Unnamed: 0_level_0,1,2,3,4,5,6,7,8,9,10,...,119,120,121,122,123,124,125,126,127,128
named_entity,Unnamed: 1_level_1,Unnamed: 2_level_1,Unnamed: 3_level_1,Unnamed: 4_level_1,Unnamed: 5_level_1,Unnamed: 6_level_1,Unnamed: 7_level_1,Unnamed: 8_level_1,Unnamed: 9_level_1,Unnamed: 10_level_1,Unnamed: 11_level_1,Unnamed: 12_level_1,Unnamed: 13_level_1,Unnamed: 14_level_1,Unnamed: 15_level_1,Unnamed: 16_level_1,Unnamed: 17_level_1,Unnamed: 18_level_1,Unnamed: 19_level_1,Unnamed: 20_level_1,Unnamed: 21_level_1
45,0.193684,0.199515,-0.55807,0.193501,-0.151151,-0.108368,-0.080395,0.483877,-0.216687,-0.027689,...,-0.020264,-0.21916,-0.006211,-0.11605,-0.208311,-0.238917,0.416022,-0.069208,0.382213,-0.198407
41,0.116208,-0.013772,0.270675,0.22748,-0.123978,-0.076915,-0.080015,0.338822,0.007791,-0.028516,...,-0.250689,-0.219996,-0.346024,0.006914,-0.185476,0.09912,0.231357,0.326392,0.197053,-0.103405
478,0.326508,-0.080868,-0.534134,0.137786,-0.262377,-0.071972,-0.187409,0.533022,-0.314909,-0.019874,...,-0.160482,-0.192272,-0.132486,-0.058005,-0.182971,-0.2016,0.317926,0.059988,0.380023,-0.127033
88,-0.053936,-0.098514,-0.116975,0.194783,-0.127855,0.310879,-0.050054,-0.002542,0.094705,-0.104536,...,0.025011,-0.357876,-0.238409,0.247654,0.082463,-0.147044,0.15385,-0.535327,-0.435655,0.259705
83,0.013028,-0.122749,-0.029661,0.059336,-0.258743,0.397353,-0.082249,0.078653,0.102366,0.091354,...,0.141847,-0.456273,-0.119102,0.301741,0.072765,-0.035528,0.042997,-0.511059,-0.263644,0.366281


Each column is a dimension in the embedding space.
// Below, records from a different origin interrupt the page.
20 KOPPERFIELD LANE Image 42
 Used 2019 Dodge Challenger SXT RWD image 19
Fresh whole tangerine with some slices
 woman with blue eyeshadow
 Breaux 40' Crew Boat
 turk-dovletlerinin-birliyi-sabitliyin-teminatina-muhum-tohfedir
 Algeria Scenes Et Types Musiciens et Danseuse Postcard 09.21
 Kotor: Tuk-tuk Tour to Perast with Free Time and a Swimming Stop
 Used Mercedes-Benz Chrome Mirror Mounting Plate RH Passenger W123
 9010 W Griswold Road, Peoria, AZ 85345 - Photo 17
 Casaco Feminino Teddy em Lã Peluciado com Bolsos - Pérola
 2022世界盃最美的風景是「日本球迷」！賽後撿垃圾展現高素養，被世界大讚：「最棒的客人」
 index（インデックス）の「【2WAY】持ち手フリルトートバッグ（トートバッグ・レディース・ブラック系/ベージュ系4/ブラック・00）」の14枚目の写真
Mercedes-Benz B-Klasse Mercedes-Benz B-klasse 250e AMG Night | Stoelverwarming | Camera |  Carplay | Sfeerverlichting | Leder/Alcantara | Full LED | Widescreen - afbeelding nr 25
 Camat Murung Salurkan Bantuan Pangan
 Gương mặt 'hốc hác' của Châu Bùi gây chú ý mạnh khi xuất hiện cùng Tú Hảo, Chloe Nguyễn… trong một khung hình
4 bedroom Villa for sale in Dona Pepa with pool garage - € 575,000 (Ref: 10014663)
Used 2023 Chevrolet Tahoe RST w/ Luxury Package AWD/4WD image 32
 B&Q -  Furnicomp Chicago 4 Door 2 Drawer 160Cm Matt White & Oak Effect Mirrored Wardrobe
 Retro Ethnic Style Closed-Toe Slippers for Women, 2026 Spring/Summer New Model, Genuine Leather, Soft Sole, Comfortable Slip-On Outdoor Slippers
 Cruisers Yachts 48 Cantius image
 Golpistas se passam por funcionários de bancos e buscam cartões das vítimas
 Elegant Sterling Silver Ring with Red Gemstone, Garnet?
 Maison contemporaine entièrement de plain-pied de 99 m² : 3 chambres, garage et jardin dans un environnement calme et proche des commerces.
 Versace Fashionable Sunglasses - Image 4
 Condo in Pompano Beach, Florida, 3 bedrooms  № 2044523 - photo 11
Each row contains the dimensions of the embedding of one named entity.  
We'll now cluster the embeddings using a simple clustering algorithm such as k-means.

In [9]:
NUM_CLUSTERS = 10

kmeans = KMeans(n_clusters=NUM_CLUSTERS)
kmeans.fit(emb_df)
labels = kmeans.predict(emb_df)
emb_df['cluster'] = labels
clusters_df = emb_df.reset_index()[['named_entity','cluster']]
clusters_df.head()

Unnamed: 0,named_entity,cluster
0,45,2
1,41,3
2,478,2
3,88,1
4,83,1


## 3. Prepare input for Gephi:

[Gephi](https://gephi.org) is a nice visualization tool for graphical data.  
We'll output our data into a format recognizable by Gephi.

In [10]:
id_to_named_entity = {named_entity_id: named_entity
                      for named_entity, named_entity_id in tokenizer.items()}

with open('clusters.gdf', 'w') as f:
    f.write('nodedef>name VARCHAR,cluster_id VARCHAR,label VARCHAR\n')
    for index, row in clusters_df.iterrows():
        f.write('{},{},{}\n'.format(row['named_entity'], row['cluster'], id_to_named_entity[row['named_entity']]))
    f.write('edgedef>node1 VARCHAR,node2 VARCHAR, weight DOUBLE\n')
    for index, row in edges_df.iterrows(): 
        f.write('{},{},{}\n'.format(row['named_entity_1'], row['named_entity_2'], row['weight']))

Finally, we can open `clusters.gdf` using Gephi in order to inspect the clusters.